Step 1: Generate synthetic data with known feature structure

import numpy as np


def make_feature_selection_data(n_samples=500, seed=42):
    rng = np.random.RandomState(seed)

    x1 = rng.randn(n_samples)
    x2 = rng.randn(n_samples)
    x3 = rng.randn(n_samples)
    x4 = x1 + 0.1 * rng.randn(n_samples)
    x5 = x2 + 0.1 * rng.randn(n_samples)

    informative = np.column_stack([x1, x2, x3, x4, x5])

    correlated = np.column_stack([
        x1 * 0.9 + 0.1 * rng.randn(n_samples),
        x2 * 0.8 + 0.2 * rng.randn(n_samples),
        x3 * 0.7 + 0.3 * rng.randn(n_samples),
        x1 * 0.5 + x2 * 0.5 + 0.1 * rng.randn(n_samples),
        x2 * 0.6 + x3 * 0.4 + 0.1 * rng.randn(n_samples),
    ])

    noise = rng.randn(n_samples, 10) * 0.5

    X = np.hstack([informative, correlated, noise])
    y = (2 * x1 - 1.5 * x2 + x3 + 0.5 * rng.randn(n_samples) > 0).astype(int)

    feature_names = (
        [f"info_{i}" for i in range(5)]
        + [f"corr_{i}" for i in range(5)]
        + [f"noise_{i}" for i in range(10)]
    )

    return X, y, feature_names

We know the ground truth: features 0-4 are informative (plus 3 and 4 are correlated copies of 0 and 1), features 5-9 are correlated with informative features, features 10-19 are pure noise. A good selection method should rank 0-4 highest and 10-19 lowest.
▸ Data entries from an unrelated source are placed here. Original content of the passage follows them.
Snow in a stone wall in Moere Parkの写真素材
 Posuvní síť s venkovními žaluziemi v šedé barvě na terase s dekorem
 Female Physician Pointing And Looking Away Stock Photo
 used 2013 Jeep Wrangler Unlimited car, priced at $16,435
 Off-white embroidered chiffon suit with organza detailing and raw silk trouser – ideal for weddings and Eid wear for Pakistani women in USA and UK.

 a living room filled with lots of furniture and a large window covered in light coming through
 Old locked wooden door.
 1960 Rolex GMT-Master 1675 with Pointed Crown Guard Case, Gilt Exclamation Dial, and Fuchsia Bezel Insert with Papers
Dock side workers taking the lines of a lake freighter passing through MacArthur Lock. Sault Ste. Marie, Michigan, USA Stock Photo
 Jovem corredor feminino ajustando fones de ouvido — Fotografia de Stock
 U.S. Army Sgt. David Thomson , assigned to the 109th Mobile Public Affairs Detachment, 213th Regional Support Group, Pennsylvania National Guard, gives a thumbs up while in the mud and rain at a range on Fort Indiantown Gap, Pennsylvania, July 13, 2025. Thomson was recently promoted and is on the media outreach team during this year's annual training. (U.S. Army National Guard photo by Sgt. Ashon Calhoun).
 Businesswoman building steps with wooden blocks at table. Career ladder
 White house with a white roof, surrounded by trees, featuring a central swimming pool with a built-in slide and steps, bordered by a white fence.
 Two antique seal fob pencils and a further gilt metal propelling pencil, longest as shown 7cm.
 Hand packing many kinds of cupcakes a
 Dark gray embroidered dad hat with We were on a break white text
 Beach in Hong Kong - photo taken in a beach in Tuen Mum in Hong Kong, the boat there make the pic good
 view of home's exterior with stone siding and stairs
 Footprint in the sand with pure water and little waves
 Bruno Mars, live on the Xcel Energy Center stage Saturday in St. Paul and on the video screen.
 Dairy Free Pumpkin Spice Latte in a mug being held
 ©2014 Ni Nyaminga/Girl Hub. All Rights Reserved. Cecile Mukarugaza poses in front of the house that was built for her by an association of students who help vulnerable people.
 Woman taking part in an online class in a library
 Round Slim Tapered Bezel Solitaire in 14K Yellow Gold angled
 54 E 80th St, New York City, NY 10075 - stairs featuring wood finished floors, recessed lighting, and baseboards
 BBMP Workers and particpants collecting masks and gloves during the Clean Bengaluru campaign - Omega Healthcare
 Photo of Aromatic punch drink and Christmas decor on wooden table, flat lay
Step 2: Variance threshold

def variance_threshold(X, threshold=0.01):
    variances = np.var(X, axis=0)
    mask = variances > threshold
    return mask, variances

Step 3: Mutual information (discrete)

def discretize(x, n_bins=10):
    min_val, max_val = x.min(), x.max()
    if max_val == min_val:
        return np.zeros_like(x, dtype=int)
    bin_edges = np.linspace(min_val, max_val, n_bins + 1)
    binned = np.digitize(x, bin_edges[1:-1])
    return binned


def mutual_information(X, y, n_bins=10):
    n_samples, n_features = X.shape
    mi_scores = np.zeros(n_features)

    y_vals, y_counts = np.unique(y, return_counts=True)
    p_y = y_counts / n_samples

    for f in range(n_features):
        x_binned = discretize(X[:, f], n_bins)
        x_vals, x_counts = np.unique(x_binned, return_counts=True)
        p_x = dict(zip(x_vals, x_counts / n_samples))

        mi = 0.0
        for xv in x_vals:
            for yi, yv in enumerate(y_vals):
                joint_mask = (x_binned == xv) & (y == yv)
                p_xy = np.sum(joint_mask) / n_samples
                if p_xy > 0:
                    mi += p_xy * np.log(p_xy / (p_x[xv] * p_y[yi]))
        mi_scores[f] = mi

    return mi_scores

Step 4: Recursive Feature Elimination

def simple_logistic_importance(X, y, lr=0.1, epochs=100):
    n_samples, n_features = X.shape
    w = np.zeros(n_features)
    b = 0.0

    for _ in range(epochs):
        z = X @ w + b
        pred = 1.0 / (1.0 + np.exp(-np.clip(z, -500, 500)))
        error = pred - y
        w -= lr * (X.T @ error) / n_samples
        b -= lr * np.mean(error)

    return w, b


def rfe(X, y, n_features_to_select=5, lr=0.1, epochs=100):
    n_total = X.shape[1]
    remaining = list(range(n_total))
    rankings = np.ones(n_total, dtype=int)
    rank = n_total

    while len(remaining) > n_features_to_select:
        X_subset = X[:, remaining]
        w, _ = simple_logistic_importance(X_subset, y, lr, epochs)
        importances = np.abs(w)

        least_idx = np.argmin(importances)
        original_idx = remaining[least_idx]
        rankings[original_idx] = rank
        rank -= 1
        remaining.pop(least_idx)

    for idx in remaining:
        rankings[idx] = 1

    selected_mask = rankings == 1
    return selected_mask, rankings

Step 5: L1 feature selection

def soft_threshold(w, alpha):
    return np.sign(w) * np.maximum(np.abs(w) - alpha, 0)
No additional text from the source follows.